I like words.
I like reading other people’s words, diving deeply into books and stories that bring a whole new world to life inside my mind. Putting just the right combination of words together can unearth amazing insights, powerful challenges that move me to agree or disagree, or just enjoy the moment.
And so I find it surprising to have realised in recent years, that despite enjoying words, I find a great deal of disconnect when it comes to words in Christian worship.
I’ve grown up as part of the Uniting Church, and now work within it. One of the common forms of regular worship in the Uniting Church is a full written liturgy – where the leader/minister speaks, and there’s a pre-determined response to be read by the congregation. Sometimes it is confession, sometimes praise, sometimes prayer, sometimes lament. The whole service is printed, or projected and I simply follow along. I might be wrong, but it seems that the full written liturgy is even more common now than it was in my childhood – or maybe I was too busy not paying attention back then to notice what was going on.
Even the songs are scripted parts of the service, the words lovingly crafted, music prepared, all of us singing in unison.
So why? Why don’t I like liturgies that are rich, carefully prepared and in which there are wonderful words that paint pictures and tell stories? Why don’t I like liturgies in which I identify with the whole church in every time and place by sharing in common responses, in which I respond with my neighbour in the next pew with words of solidarity and common commitment?
As best I can tell, the answer is that in the liturgy, the words are not my words. The commitments are not my commitments. The confessions are not my confessions. The prayers are not my prayers.
They are other peoples thoughts, expressions, words and I find myself parroting them. Sometimes mindlessly, I’ll read from the service sheet, no idea what the words mean to the one who wrote them or what I’m saying aloud.
It’s far more a critique of my capacity to take the words, internalise them, agree and then participate, but it’s still there, this discomfort with other people’s words.
What’s the alternative? For me, for my capacity to encounter and respond to God in the gathered community of faith (surely the purpose of worship?) I need to be invited to bring my own words, bring my own experience, my own story.

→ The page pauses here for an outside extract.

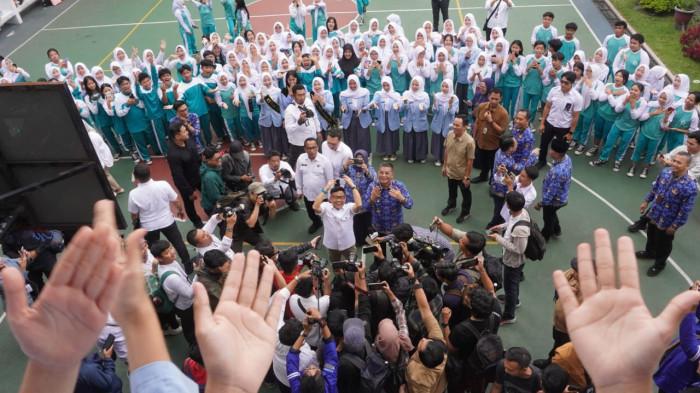 Menteri Koordinator Pemberdayaan Masyarakat (Menko PM), Muhaimin Iskandar, didampingi Wakil Gubernur Jawa Barat, Erwan Setiawan menyapa para pelajar saat kunjungan kerja dalam rangka Sosialisasi Program SMK Go Global, di SMKN 1 Bandung, Jalan Wastukencana, Kota Bandung, Jawa Barat, Senin (1/12/2025).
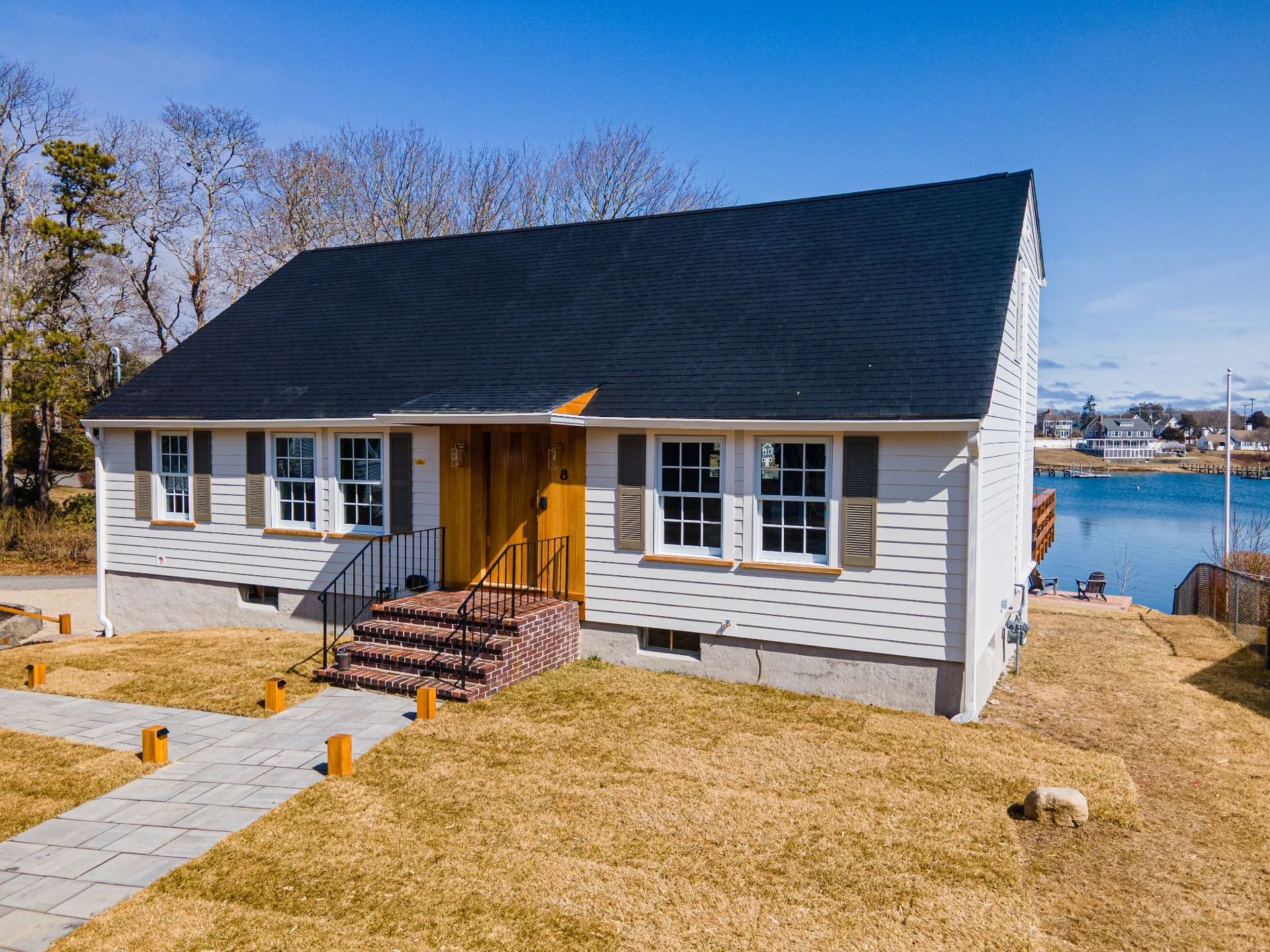 Angled waterfront home exterior with custom wood entry, white siding, refined trim work, and crisp facade details.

And I need to hear the story, the words, the experience of my neighbour as she encounters and responds to God….so I can agree, or disagree, support or encourage.
I need to be in a community that recognises that even though the words of the service might be shaped around thankfulness and gratitude, some of us might that day be experiencing broken-ness and pain. Or on days when we’ve predetermined to lament and cry-out, there might be some among us who are in the midst of a rich praise-worthy moment, a time of celebration that could be shared.
That sounds messy even as I write it. And it would be. it sounds like it limits the size of a gathering. And it would. It sounds like some people would be uncomfortable and laid bare. And they would.
The full written liturgy….feels like it stifles and binds my community, and me. It calls for a pre-determined response to and encounter with God. It points to Jesus…but stops me from responding to him.
Why? Maybe I’m a self-absorbed Gen X, wanting to tear down traditions and remake them in my own image. Maybe I’m not getting the point of sharing words with those sitting around me. Maybe I misunderstand worship entirely. All of these are possible, even probable.
Whatever the cause…the outcome remains. I don’t like full liturgy.
And that makes worship difficult when that’s what is on offer.